We don't charge anything for the course and there are no ads - it's a key part of our mission so we give it to everyone for no charge: http://www.fast.ai/about/
And yes, it does work. We have graduates who are now in the last round of applications for the Google Brain Residency, who are moving into deep learning PhDs, who have got jobs as deep learning practitioners in the bay area, etc: http://course.fast.ai/testimonials.html . Any time you get stuck, there's an extremely active community forum with lots of folks who will do their best to help you out: http://forums.fast.ai/ .
(Sorry for the blatantly self-promotional post, but if you're reading this thread you're probably exactly the kind of person we're trying to help.)
thrawy45678: I see a lot of criticism about tmux and other non-core items being included in the overall curriculum.

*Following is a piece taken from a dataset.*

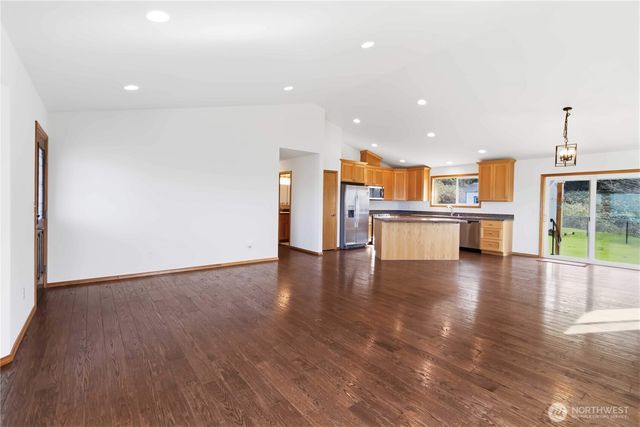 58 Alger Creek Heights Road, Cathlamet, WA 98612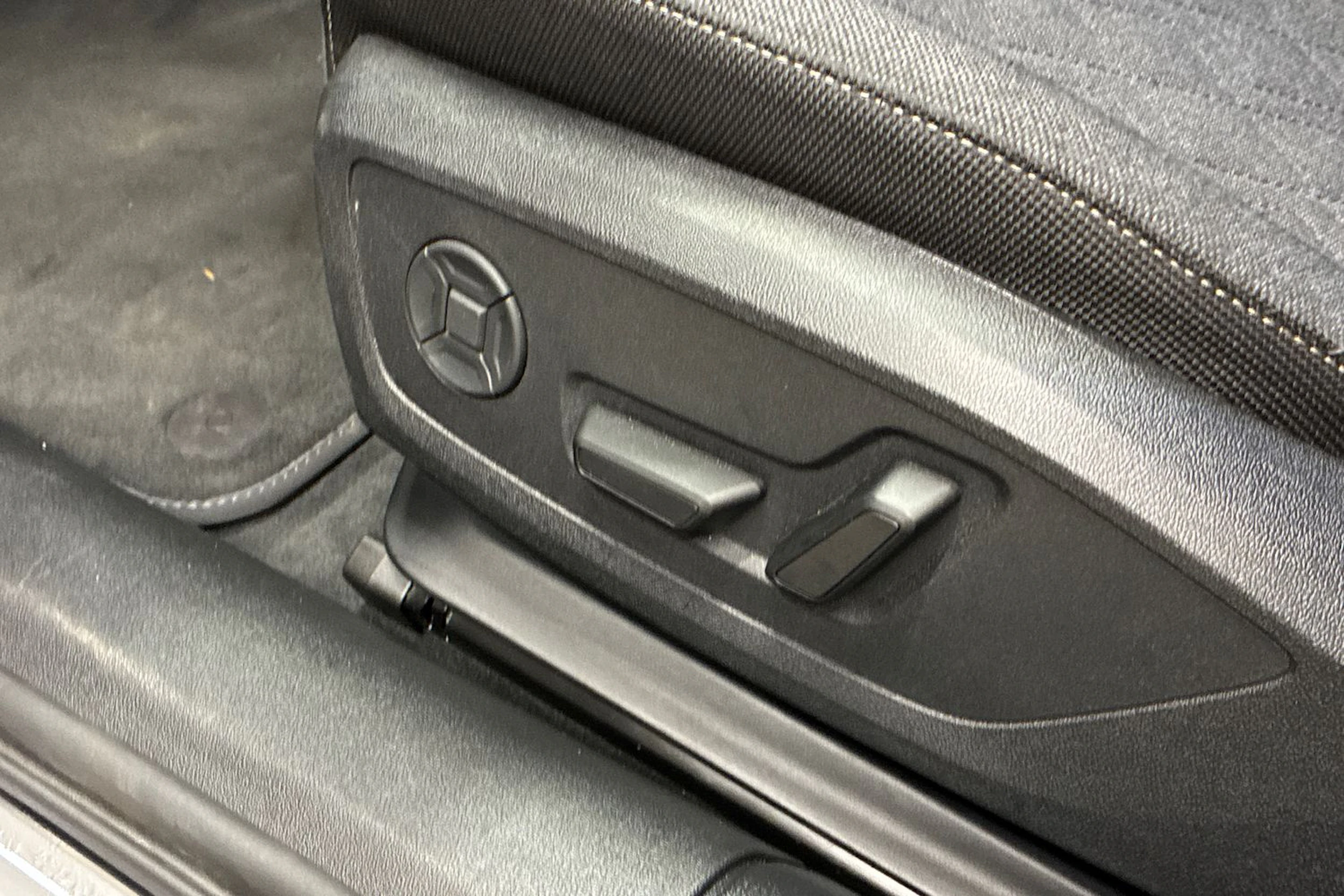 sininen Audi A6 2026 kuva 23.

I think the author is trying to portray the workflow he is currently on and exposing the full tool kit he uses. I don't think he is saying - this is "THE" approach one has to follow.
derekmcloughlin: If you've no experience with ML stuff, you might want to start with Andrew Ng's course [...] Paperspace (https://www.paperspace.com/ml) have ML instances starting at $0.27 per hour.

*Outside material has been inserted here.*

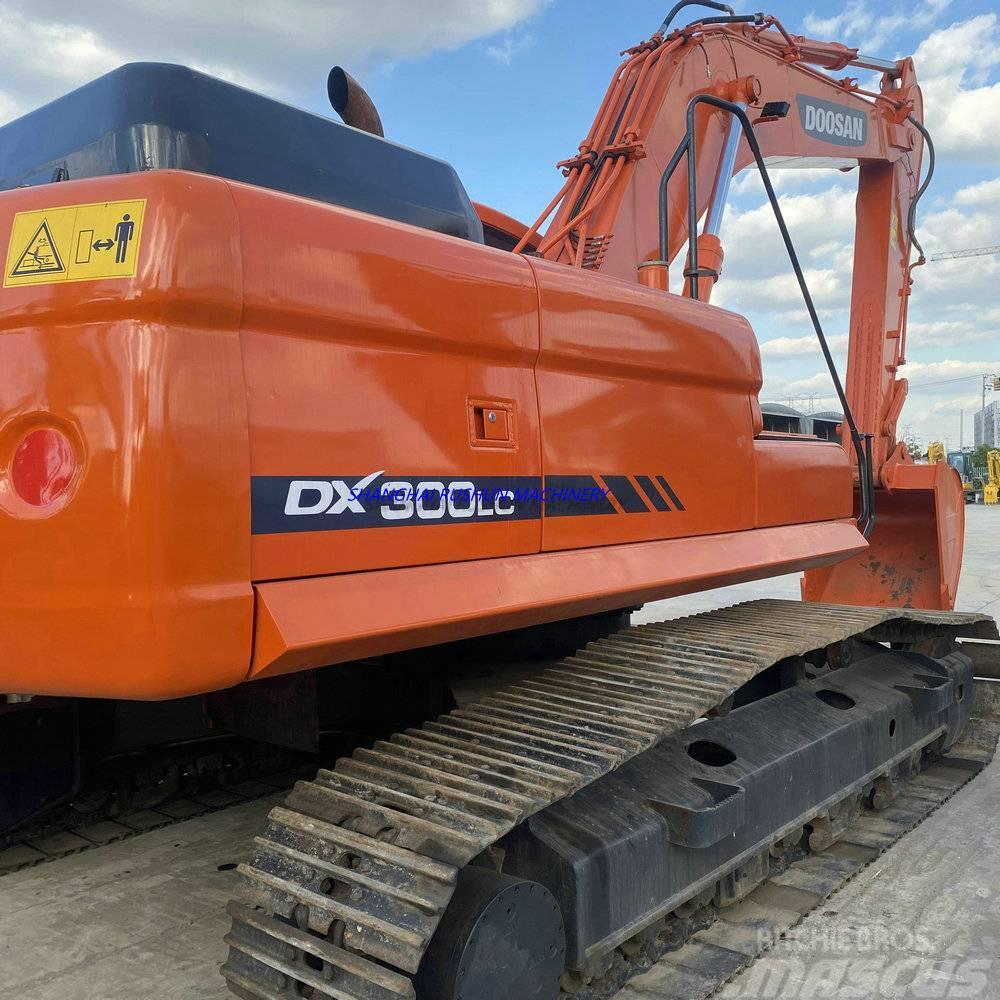 Doosan DX 300 Excavadoras sobre orugas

webmaven: Any recommendations for the cheapest (but not "penny wise, pound foolish") HW setup that meets these requirements for course completion? - (answers:
https://news.ycombinator.com/item?id=13227437 )

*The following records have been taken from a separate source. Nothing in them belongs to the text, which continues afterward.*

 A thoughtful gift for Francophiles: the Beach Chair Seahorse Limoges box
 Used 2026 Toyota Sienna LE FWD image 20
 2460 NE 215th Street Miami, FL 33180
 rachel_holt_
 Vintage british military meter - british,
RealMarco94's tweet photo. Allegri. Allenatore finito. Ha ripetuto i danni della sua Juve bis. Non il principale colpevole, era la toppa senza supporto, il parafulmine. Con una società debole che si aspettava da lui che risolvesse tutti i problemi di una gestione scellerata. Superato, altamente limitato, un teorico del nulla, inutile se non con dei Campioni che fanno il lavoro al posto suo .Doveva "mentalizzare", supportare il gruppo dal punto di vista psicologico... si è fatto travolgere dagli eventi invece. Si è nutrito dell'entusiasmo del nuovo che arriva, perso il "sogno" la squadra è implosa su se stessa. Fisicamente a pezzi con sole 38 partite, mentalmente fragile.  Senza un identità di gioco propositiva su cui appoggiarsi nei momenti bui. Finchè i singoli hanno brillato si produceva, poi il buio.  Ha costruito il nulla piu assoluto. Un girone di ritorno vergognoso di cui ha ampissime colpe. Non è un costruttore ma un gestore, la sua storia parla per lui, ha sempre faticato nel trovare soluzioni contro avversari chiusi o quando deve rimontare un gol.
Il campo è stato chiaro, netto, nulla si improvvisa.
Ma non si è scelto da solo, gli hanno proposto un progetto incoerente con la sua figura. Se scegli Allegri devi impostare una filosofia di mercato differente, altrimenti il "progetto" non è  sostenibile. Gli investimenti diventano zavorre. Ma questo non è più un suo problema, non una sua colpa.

The course is excellent, and thank you for making it and offering it for free - but a word of caution for those considering following it: Along the way you will incur not-insignificant costs for Amazon EC2 GPU instances, and, even if your instance is shut down, SSD EBS storage costs.
Edit: To be clear, I'm not suggesting it's not worth it, just highlighting that theres's more than a time commitment to budget for.
Yep, the course is free, but you'll need to pay for the computing power one way or another.
If you have a workstation with a fairly recent Nvidia GPU (I used a GTX 980 TI) and bunch of spare disk space, you don't need AWS at all. You'll still pay for the electricity, of course, but it's not what I would call a significant extra cost. That is, if you already have the hardware.
Get a GTX 1070 at a minimum. GTX 1080 Ti if you have a bit more cash to spend. Disk space is entirely dependent on your data set size. We're not talking huge numbers for most things you would be doing
I have GTX 970 and how much spare space do we need?
btw, I have a doubt, the course has specific video to setup aws, for local machines, what to do? should I install the required packages python, keras or whatever they use?
To give a more exact estimate - if you don't use spot instances ($0.20/hour) it'll cost $0.90/hour, and if you do the suggested 70 hours of work for the course, that's $63. And then there's around $6/month cost for the EBS volume.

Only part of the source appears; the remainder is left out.